The Coq mailing list

[<fr.inria.coq-club AT io7m.com>]

Hi.

I have the following definition:

Require Coq.Lists.List.

Open Scope list_scope.

(** An inductive predicate that [x] is in [xs]. *)
Inductive InP {A : Type} (x : A) : list A -> Prop :=
  | InP_Here  : forall {xs : list A}, InP x (x :: xs)
  | InP_There : forall {y  : A} {xs : list A}, InP x xs -> InP x (y :: xs).

(** An inductive predicate that [x] is in [xs], in [Type]. *)
Inductive InPT {A : Type} (x : A) : list A -> Type :=
  | InPT_Here  : forall {xs : list A}, InPT x (x :: xs)
  | InPT_There : forall {y  : A} {xs : list A}, InPT x xs -> InPT x (y :: xs).

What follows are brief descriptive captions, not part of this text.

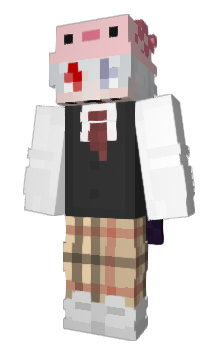 Minecraft скін по ніку ItzCappy_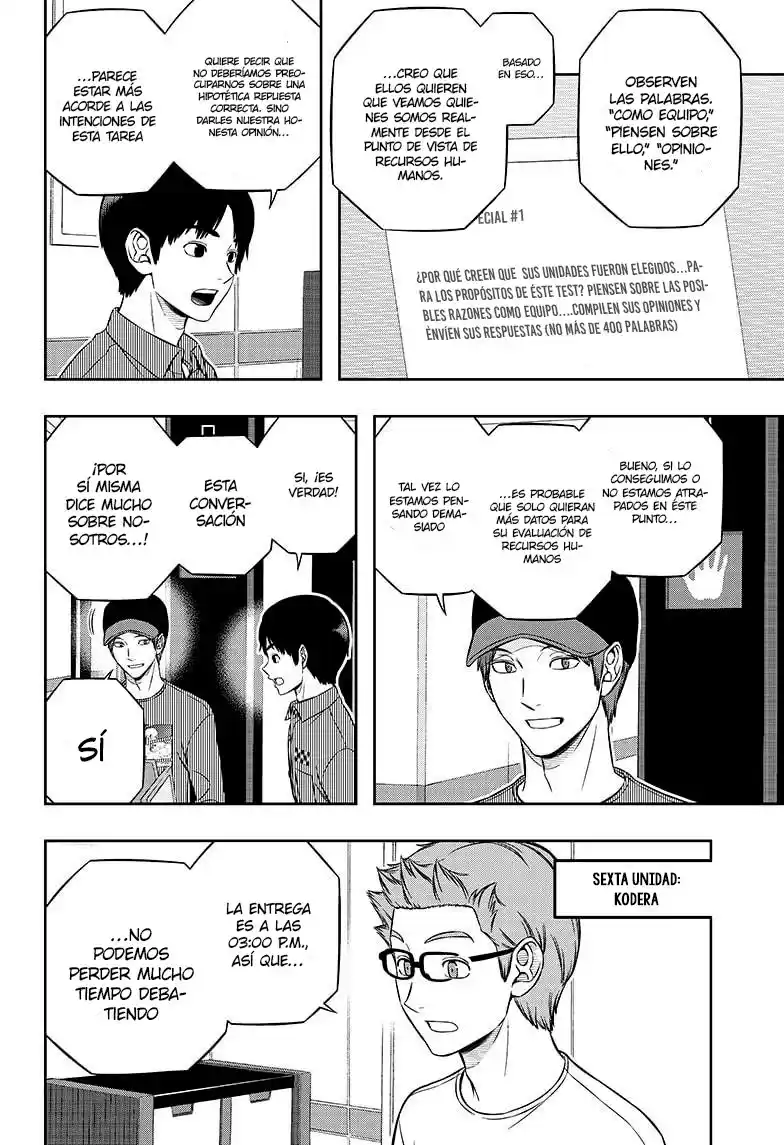 World Trigger - Capítulo 209 - Página 5 - LectorTMOo
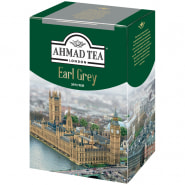 Чай Ahmad Tea "Earl Grey", черный, с бергамотом, листовой, 200г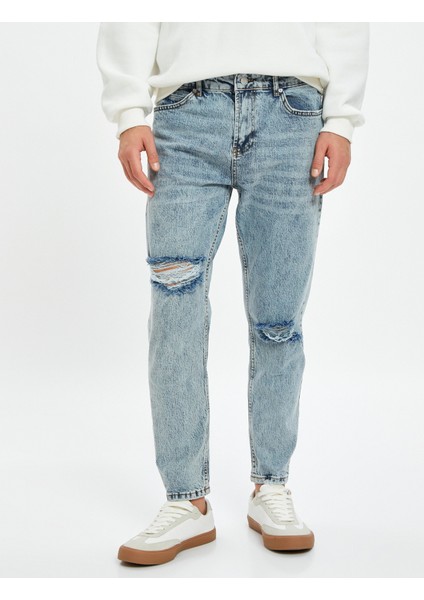 Tapered Fit Jean Pantolon Cepli Joe Jean modelleri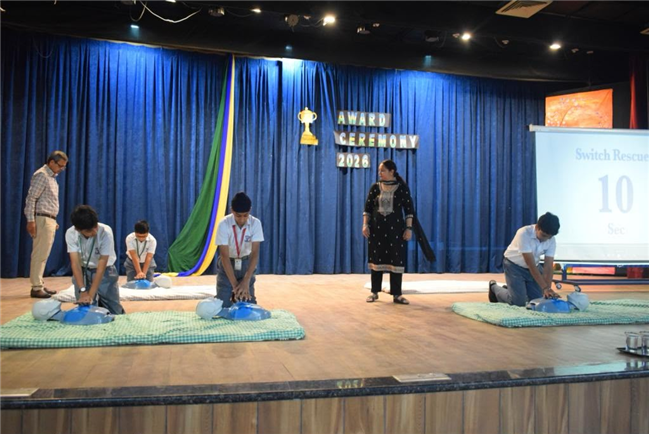CPR TRAINING
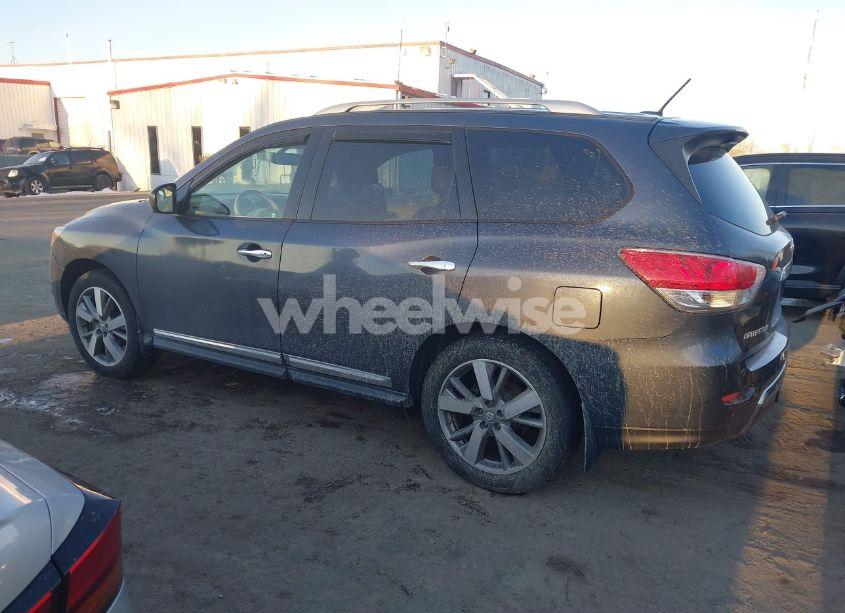 Photo 14 of 2014 Nissan Pathfinder PLATINUM (VIN 5N1AR2MM5EC611923)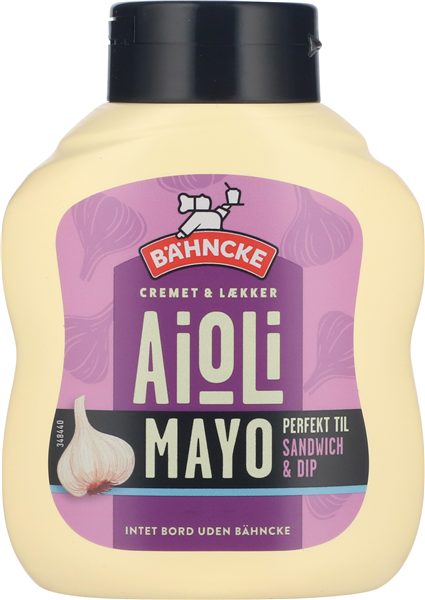 Bähncke Aioli Mayo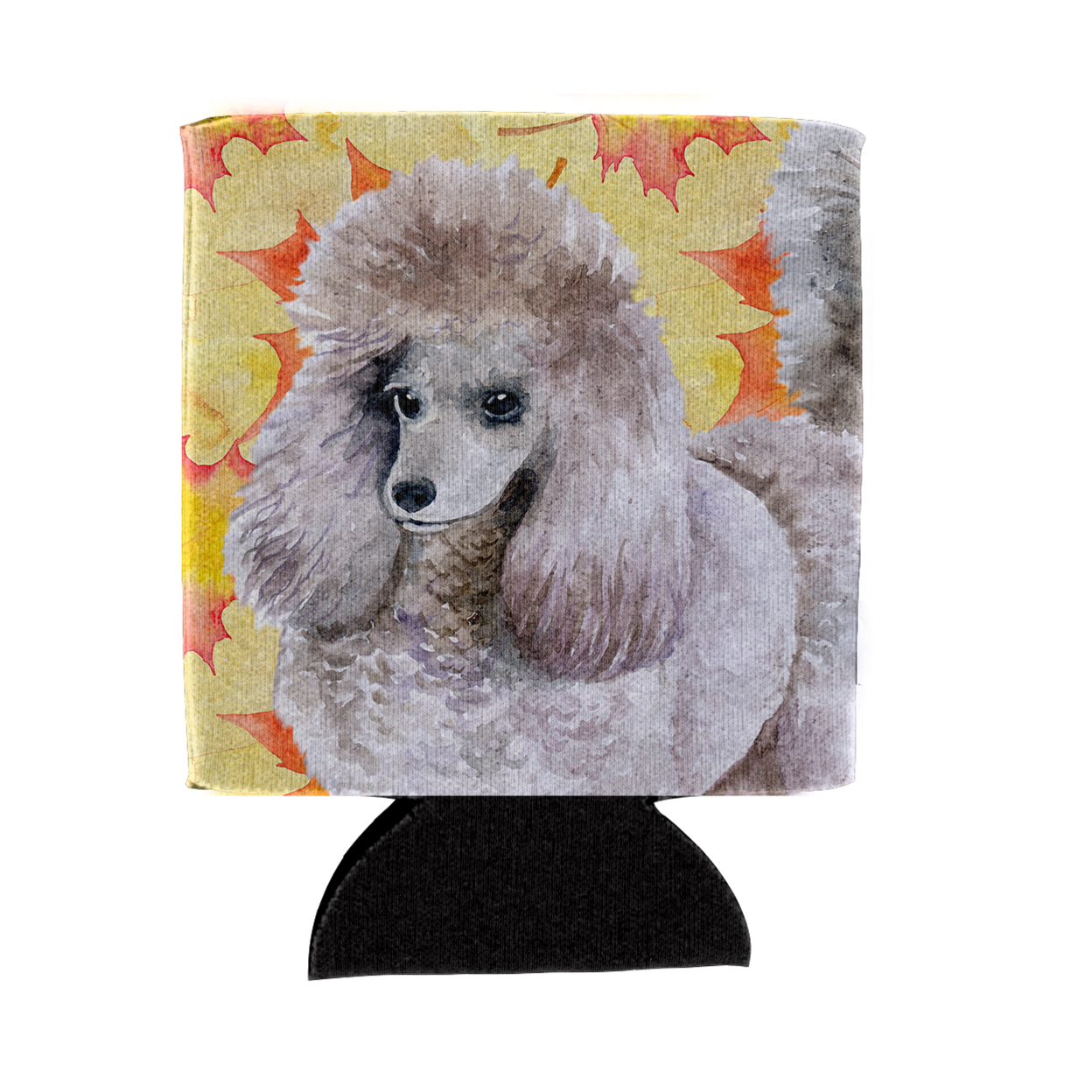 Poodle Fall Can or Bottle Hugger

(** [InPT] implies [InP]. *)
Lemma inpt_inp : forall
  {A  : Type}
  {x  : A}
  {xs : list A},
  InPT x xs -> InP x xs.
Proof.
  induction xs as [|xh xr].
    intros H_in; inversion H_in.
    intros H_in.
    inversion H_in.
      rewrite <- H0 in H_in.
      rewrite <- H0.
      apply InP_Here.
      pose proof (IHxr X) as H_ixr.
      apply InP_There.
      assumption.
Qed.

Fixpoint position
  {A  : Type}
  {x  : A}
  {xs : list A}
  (H0 : InPT x xs)
: nat :=
  match H0 with
  | InPT_Here  _      => 0
  | InPT_There _ _ H1 => S (position H1)
  end.

Note that "position" requires "InP in Type" because it requires case
analysis of H0.

I'd like to show that InP -> InPT, but this doesn't seem to be provable
in Coq's logic directly. Is it safe to assume this as an axiom? Perhaps
it's a consequence of some other more general "safe" (read "consistent")
axiom?

M